**Assigned task**
In the records below, begin at the line that has "Chest for Clothing" and stop after the line that has "Round Saturn Fancy"; quote those lines verbatim and nothing more.

**Information given**
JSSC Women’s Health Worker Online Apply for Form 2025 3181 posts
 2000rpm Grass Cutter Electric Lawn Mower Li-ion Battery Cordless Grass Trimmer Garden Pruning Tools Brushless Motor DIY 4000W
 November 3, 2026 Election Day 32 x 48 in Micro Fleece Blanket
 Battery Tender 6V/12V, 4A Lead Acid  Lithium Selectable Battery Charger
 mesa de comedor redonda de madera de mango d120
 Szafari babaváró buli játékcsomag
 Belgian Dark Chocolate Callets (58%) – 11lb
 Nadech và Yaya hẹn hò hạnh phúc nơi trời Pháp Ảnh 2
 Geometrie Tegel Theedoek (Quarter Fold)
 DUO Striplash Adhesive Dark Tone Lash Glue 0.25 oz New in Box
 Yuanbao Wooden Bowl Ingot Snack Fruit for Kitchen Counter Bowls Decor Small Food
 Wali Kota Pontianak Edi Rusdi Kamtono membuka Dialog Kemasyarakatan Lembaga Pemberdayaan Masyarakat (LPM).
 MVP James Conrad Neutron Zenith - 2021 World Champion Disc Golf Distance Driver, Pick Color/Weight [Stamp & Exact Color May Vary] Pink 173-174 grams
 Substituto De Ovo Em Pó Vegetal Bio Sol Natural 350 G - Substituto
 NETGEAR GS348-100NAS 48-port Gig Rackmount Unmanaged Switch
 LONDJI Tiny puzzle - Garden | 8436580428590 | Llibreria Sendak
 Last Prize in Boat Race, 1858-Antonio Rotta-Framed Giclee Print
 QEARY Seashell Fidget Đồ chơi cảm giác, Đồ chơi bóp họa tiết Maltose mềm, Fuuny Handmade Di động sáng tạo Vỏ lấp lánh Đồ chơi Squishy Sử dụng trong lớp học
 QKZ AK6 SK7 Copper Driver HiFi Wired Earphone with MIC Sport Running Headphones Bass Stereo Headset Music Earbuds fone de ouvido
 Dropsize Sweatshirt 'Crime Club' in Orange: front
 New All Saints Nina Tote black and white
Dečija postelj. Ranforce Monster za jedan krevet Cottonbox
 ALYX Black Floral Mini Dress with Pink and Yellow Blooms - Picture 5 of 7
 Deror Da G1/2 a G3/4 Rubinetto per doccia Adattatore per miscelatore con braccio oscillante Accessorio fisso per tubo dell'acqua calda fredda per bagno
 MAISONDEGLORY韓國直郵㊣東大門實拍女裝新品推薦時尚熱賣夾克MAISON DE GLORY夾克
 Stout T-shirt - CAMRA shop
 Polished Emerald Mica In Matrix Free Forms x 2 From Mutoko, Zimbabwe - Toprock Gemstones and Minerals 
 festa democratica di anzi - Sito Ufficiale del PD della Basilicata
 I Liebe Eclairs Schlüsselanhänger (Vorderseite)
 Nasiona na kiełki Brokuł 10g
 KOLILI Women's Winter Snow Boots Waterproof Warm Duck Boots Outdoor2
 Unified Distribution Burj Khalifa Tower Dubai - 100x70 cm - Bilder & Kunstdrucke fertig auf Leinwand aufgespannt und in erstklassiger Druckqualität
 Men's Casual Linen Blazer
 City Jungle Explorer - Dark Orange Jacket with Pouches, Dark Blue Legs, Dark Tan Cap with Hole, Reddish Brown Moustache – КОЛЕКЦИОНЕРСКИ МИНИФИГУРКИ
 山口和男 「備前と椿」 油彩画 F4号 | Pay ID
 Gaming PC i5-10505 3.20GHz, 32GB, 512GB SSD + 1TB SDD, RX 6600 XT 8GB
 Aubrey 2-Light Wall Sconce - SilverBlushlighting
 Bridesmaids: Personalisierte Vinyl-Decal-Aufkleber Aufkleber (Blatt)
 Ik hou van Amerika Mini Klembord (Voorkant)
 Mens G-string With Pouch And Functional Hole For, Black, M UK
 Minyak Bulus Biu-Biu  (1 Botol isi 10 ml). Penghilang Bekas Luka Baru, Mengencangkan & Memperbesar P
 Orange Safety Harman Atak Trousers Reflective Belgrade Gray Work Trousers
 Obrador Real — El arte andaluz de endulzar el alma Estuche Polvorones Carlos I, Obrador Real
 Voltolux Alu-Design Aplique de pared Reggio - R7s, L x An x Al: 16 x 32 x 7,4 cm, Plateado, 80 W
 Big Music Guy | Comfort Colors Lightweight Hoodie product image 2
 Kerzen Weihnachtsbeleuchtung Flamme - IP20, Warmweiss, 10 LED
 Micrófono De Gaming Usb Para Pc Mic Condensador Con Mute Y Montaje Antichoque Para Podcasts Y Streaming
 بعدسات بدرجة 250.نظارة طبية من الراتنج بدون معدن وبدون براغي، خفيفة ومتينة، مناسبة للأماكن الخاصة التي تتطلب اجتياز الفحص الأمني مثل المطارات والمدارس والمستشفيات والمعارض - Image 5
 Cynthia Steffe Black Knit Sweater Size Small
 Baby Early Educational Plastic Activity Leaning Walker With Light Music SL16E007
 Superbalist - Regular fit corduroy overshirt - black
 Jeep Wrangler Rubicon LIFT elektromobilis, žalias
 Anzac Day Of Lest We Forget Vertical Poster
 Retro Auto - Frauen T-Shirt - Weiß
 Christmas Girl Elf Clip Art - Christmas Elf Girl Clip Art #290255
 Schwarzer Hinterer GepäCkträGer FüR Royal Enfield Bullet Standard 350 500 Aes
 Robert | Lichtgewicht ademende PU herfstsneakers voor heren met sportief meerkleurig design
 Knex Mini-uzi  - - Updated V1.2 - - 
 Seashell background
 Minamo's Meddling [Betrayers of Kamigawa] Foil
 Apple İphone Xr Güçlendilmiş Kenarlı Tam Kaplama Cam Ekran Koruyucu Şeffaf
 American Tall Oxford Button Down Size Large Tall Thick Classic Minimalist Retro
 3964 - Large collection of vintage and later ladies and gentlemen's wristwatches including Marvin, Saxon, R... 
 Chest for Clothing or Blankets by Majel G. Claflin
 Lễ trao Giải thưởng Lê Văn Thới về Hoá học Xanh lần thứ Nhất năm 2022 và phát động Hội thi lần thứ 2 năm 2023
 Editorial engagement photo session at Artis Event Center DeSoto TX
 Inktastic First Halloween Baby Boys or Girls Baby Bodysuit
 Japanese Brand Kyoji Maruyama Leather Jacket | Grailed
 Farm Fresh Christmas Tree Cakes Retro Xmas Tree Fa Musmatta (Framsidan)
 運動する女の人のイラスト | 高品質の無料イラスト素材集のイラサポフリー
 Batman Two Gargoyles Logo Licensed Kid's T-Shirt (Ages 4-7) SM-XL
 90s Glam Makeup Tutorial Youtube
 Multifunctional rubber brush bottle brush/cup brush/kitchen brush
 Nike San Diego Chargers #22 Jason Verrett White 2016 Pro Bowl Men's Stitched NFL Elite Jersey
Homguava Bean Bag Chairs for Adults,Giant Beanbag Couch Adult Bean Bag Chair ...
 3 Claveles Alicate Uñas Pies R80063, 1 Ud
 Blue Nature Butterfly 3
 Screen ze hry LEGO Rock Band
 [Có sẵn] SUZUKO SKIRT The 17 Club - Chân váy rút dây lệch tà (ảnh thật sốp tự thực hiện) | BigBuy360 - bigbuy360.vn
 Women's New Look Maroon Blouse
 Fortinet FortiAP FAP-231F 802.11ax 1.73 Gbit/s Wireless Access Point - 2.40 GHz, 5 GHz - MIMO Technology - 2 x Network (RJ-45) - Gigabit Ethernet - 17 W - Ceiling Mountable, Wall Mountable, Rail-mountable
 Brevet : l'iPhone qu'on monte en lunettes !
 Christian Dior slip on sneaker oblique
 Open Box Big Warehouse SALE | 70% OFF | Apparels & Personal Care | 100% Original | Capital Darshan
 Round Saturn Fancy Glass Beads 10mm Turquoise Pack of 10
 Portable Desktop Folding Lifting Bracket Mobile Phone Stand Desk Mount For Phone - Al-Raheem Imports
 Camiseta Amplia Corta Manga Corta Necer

**Your solution**
 Chest for Clothing or Blankets by Majel G. Claflin
 Lễ trao Giải thưởng Lê Văn Thới về Hoá học Xanh lần thứ Nhất năm 2022 và phát động Hội thi lần thứ 2 năm 2023
 Editorial engagement photo session at Artis Event Center DeSoto TX
 Inktastic First Halloween Baby Boys or Girls Baby Bodysuit
 Japanese Brand Kyoji Maruyama Leather Jacket | Grailed
 Farm Fresh Christmas Tree Cakes Retro Xmas Tree Fa Musmatta (Framsidan)
 運動する女の人のイラスト | 高品質の無料イラスト素材集のイラサポフリー
 Batman Two Gargoyles Logo Licensed Kid's T-Shirt (Ages 4-7) SM-XL
 90s Glam Makeup Tutorial Youtube
 Multifunctional rubber brush bottle brush/cup brush/kitchen brush
 Nike San Diego Chargers #22 Jason Verrett White 2016 Pro Bowl Men's Stitched NFL Elite Jersey
Homguava Bean Bag Chairs for Adults,Giant Beanbag Couch Adult Bean Bag Chair ...
 3 Claveles Alicate Uñas Pies R80063, 1 Ud
 Blue Nature Butterfly 3
 Screen ze hry LEGO Rock Band
 [Có sẵn] SUZUKO SKIRT The 17 Club - Chân váy rút dây lệch tà (ảnh thật sốp tự thực hiện) | BigBuy360 - bigbuy360.vn
 Women's New Look Maroon Blouse
 Fortinet FortiAP FAP-231F 802.11ax 1.73 Gbit/s Wireless Access Point - 2.40 GHz, 5 GHz - MIMO Technology - 2 x Network (RJ-45) - Gigabit Ethernet - 17 W - Ceiling Mountable, Wall Mountable, Rail-mountable
 Brevet : l'iPhone qu'on monte en lunettes !
 Christian Dior slip on sneaker oblique
 Open Box Big Warehouse SALE | 70% OFF | Apparels & Personal Care | 100% Original | Capital Darshan
 Round Saturn Fancy Glass Beads 10mm Turquoise Pack of 10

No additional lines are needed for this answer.